Why is Diffie-Hellman considered in the context of public key cryptography?

Question

In all textbooks I used the Diffie-Hellman key exchange is under "public key cryptography".

As far as I can see it is a method to exchange a key to be used with a symmetric cryptographic algorithm, so it falls very naturally in the area of symmetric key cryptography.

So where does DH stand in the split between symmetric and public key algorithms?

Answer 1

The Diffie-Hellman key exchange is a public-key technology. It is (by itself) not an encryption algorithm (or signature algorithm), though.

Here is the basic function: _{(All calculations here happen in a discrete group of sufficient size, where the Diffie-Hellman problem is considered hard, usually the multiplicative group modulo a big prime (for classical DH) or an elliptic curve group (for ECDH).)}

1. Each party choses a private key $x$ or $y$
2. Each party calculates the corresponding public key $g^x$ or $g^y$.
3. Each party sends the public key $g^x$ or $g^y$ to the other party.
4. Each party uses the received public key together with its own private key to calculate the new shared secret $(g^y)^x = (g^x)^y$.

The result of this key exchange is a shared secret, which is usually then used with a key derivation function (using other input known to both parties, such as a session ID) to derive a set of keys for a symmetric encryption scheme _{and MAC keys, if we aren't using an encryption scheme with integrated authentication. If we are building a bidirectional channel (like in TLS/SSL or SSH), we derive different keys for both communication directions.}

This might be what causes confusion: it is an asymmetric technology used to negotiate symmetric keys. But the same is valid for most other asymmetric technologies, like signature or encryption algorithms: At the core there is something asymmetric, but then we use a symmetric algorithm to do the bulk of the work. For example, with most asymmetric encryption algorithms we usually encrypt just a symmetric key for the actual message, with most signature algorithms we first hash a message, then asymmetrically sign the hash.

The values $g^y$ or $g^x$ are named public keys, because they can be transmitted in plain, so anyone listening on the connection knows it. The values $x$ and $y$ never leave the choosers computer, so they stay private. $(x, g^x)$ and $(y, g^y)$ are the private-public key pairs here. Incidentally, these are the same types of keys as in DSA or ElGamal.

One could have long-term key pairs (and then the public key could even already be in some address book, saving the transmission, or be signed with some certificate), but more usually these key pairs are created on the fly for each connection.
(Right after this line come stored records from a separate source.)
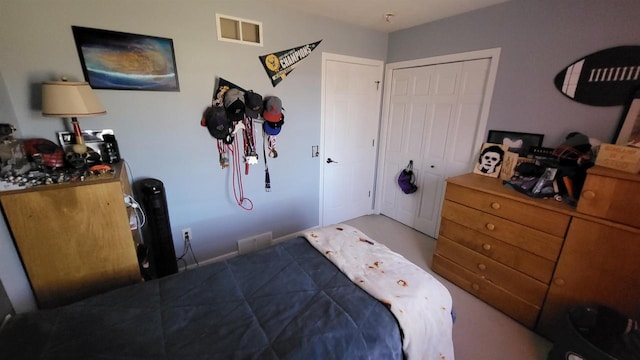 bedroom with visible vents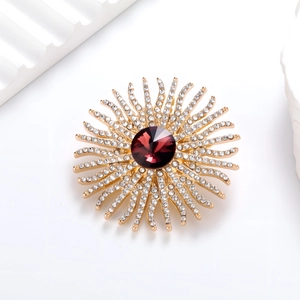 Détail macro d'une broche tournesol avec gemme rouge foncé et pétales en cristal
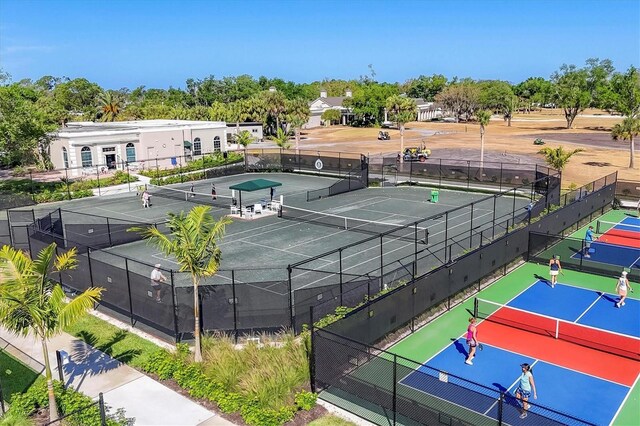 11265 Mc Dermott Ct, Englewood, FL 34223 - view of tennis court with view of scattered trees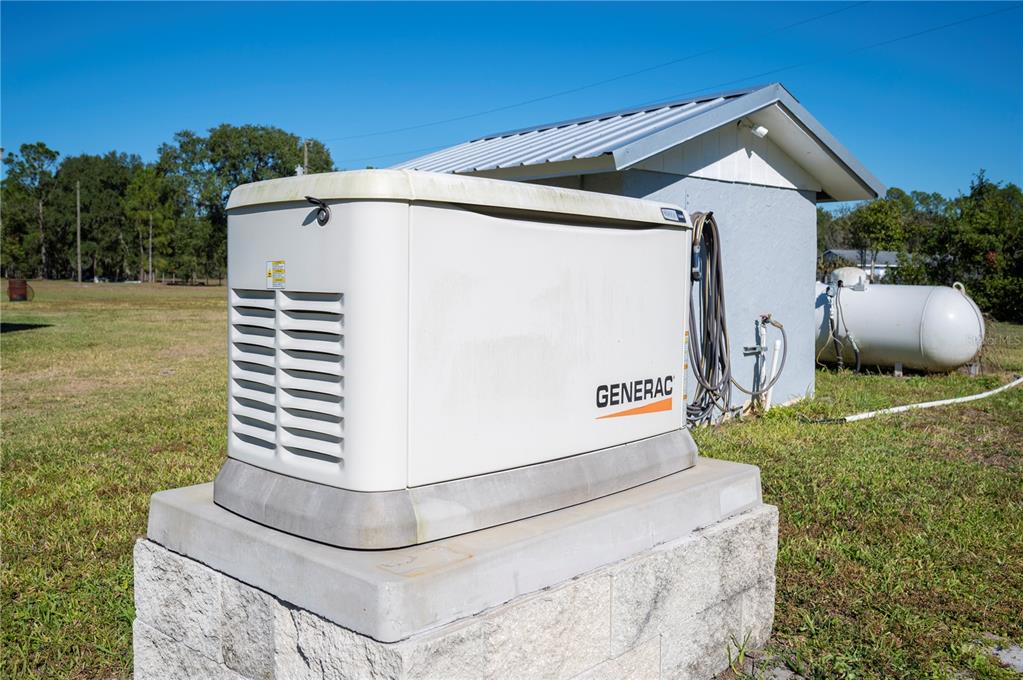 2525 Ranchland Acres Road Lakeland, FL 33809 - Photo 37 of 68 a front view of a house with garden
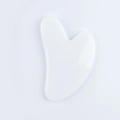 White heart-shaped resin facial massage tool with smooth ergonomic curves and polished finish - Resin / White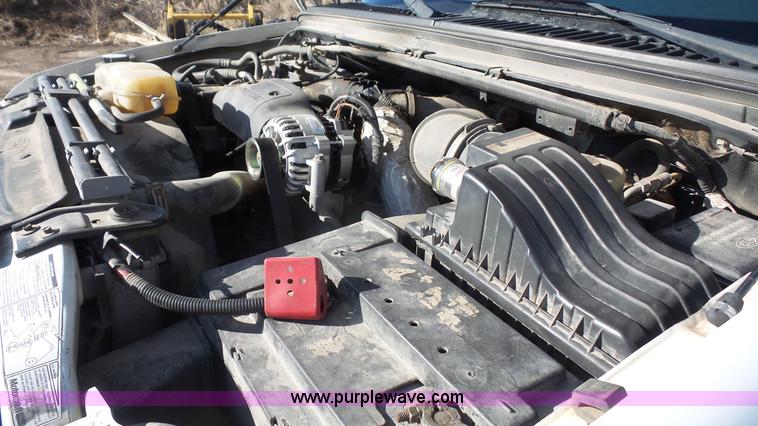 image for item J4633 2001 Ford F450 Super Duty flatbed pickup truck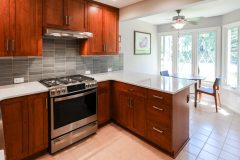 Remodeled kitchen example with new white countertops and dark wood stained cabinets. Stainless steel new oven and a small table and chairs in the back with long windows for backyard viewing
When combining the Diffie-Hellman key exchange (with a long term public key of the receiver) with a symmetric encryption scheme, we get a nice public-key encryption scheme – actually one of the first ones to be proposed at all. It works like this:

1. The receiver has a private key $x$ and a corresponding public key $g^x$.
2. The sender somehow securely obtains the public key $g^x$.
3. The sender choses a temporary private key $y$ and calculates the corresponding public key $g^y$.
4. The sender calculates $(g^x)^y$ and derives from this a symmetric key $K = f((g^x)^y)$.
5. The sender encrypts his message: $C = E_K(P)$.
6. The sender sends $(g^y, C)$ to the receiver.
7. The receiver gets $(g^y, C)$.
8. The receiver calculates $(g^y)^x$ and derives from this $K = f((g^y)^x)$. This is the same $K$ as before.
9. The receiver decrypts the message: $P = D_K(C)$.

This is an asymmetric encryption scheme – to encrypt, the sender needs to know only $g^x$, while for decryption $x$ itself is needed.

Answer 2

I would like to explain this with an example, that why it lies in public key cryptography domain.
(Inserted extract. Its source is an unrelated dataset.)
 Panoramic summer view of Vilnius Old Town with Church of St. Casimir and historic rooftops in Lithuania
All the values used in this example (a = Private Key of Alice, b = Private Key of Bob, g, n, PKalice = Public key of Alice, and PKbob = Public key of Bob) are large, let say 2Kb or 4Kb, prime numbers.
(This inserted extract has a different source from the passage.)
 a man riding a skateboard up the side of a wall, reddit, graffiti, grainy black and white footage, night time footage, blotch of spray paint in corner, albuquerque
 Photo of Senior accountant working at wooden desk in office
Let Alice and Bob (who don't know each other) want to communicate. They both have generated their private keys (let say 'a' and 'b'). Similarly, they both have calculated their public keys (let PKalice = g^a mod n, and PKbob = g^b mod n).

The values g, n and public keys (PKalice and PKbob) are publically known and could be stored in a central repository. Now whenever the two users want to communicate, they can obtain the publically known and agreed upon values and can generate the session keys (symmetric key) and use that key for secure communication.

For Alice, the function to calculate session key is (PKbob ^ a mod n) and for Bob (PKalice ^ b mod n), that result in the same value for Alice and Bob, although they don't know each other private keys or values.